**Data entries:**
▼▼▼

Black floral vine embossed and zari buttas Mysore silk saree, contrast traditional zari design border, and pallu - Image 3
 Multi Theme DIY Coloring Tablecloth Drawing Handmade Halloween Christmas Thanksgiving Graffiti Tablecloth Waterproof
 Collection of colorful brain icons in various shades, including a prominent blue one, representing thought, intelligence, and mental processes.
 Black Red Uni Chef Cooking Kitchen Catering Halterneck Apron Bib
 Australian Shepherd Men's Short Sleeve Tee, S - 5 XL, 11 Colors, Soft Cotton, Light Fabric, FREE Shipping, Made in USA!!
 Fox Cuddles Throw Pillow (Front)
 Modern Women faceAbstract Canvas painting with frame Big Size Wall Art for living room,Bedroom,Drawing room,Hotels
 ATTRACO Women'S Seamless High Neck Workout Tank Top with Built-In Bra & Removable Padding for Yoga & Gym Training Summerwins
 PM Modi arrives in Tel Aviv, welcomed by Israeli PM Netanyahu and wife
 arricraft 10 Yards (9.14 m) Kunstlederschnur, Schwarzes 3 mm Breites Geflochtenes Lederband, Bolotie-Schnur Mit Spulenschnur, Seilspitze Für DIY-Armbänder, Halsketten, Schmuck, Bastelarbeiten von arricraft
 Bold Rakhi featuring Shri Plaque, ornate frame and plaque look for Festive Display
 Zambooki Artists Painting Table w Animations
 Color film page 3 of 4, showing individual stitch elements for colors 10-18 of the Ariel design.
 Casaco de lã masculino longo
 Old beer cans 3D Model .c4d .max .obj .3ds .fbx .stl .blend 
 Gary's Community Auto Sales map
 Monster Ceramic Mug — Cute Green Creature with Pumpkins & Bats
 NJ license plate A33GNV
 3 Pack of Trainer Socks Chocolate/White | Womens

▲▲▲

**Work task:**
Some lines in the data above may hold the word "design". Say how many, with no other words.

**Problem solution:**
2